Although the data below contains pictures, output only the lines between those holding "Additionally you have" and "Zettler is completely", inclusive, exactly and without those pictures.

- _Data records_:
—————
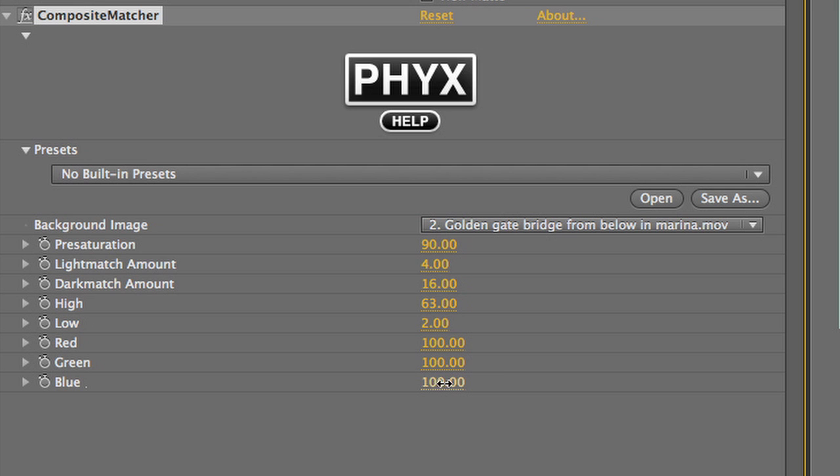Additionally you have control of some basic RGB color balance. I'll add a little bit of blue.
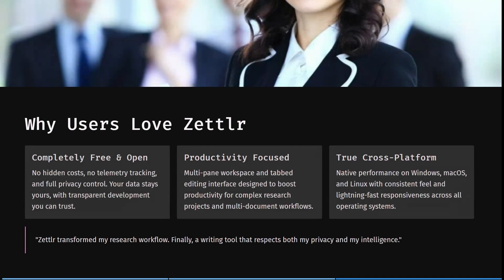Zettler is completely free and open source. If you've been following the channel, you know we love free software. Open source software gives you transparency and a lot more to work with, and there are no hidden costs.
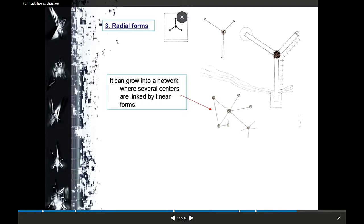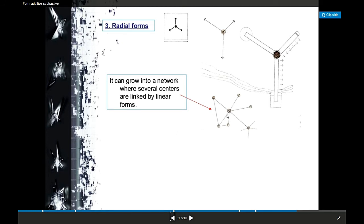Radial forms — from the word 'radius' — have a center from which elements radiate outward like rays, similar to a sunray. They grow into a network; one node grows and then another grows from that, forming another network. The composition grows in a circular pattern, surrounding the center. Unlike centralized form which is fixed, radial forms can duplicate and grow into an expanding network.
—————
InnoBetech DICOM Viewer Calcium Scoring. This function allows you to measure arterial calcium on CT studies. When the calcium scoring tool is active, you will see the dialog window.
—————
- _Finished task_:
Additionally you have control of some basic RGB color balance. I'll add a little bit of blue.
Zettler is completely free and open source. If you've been following the channel, you know we love free software. Open source software gives you transparency and a lot more to work with, and there are no hidden costs.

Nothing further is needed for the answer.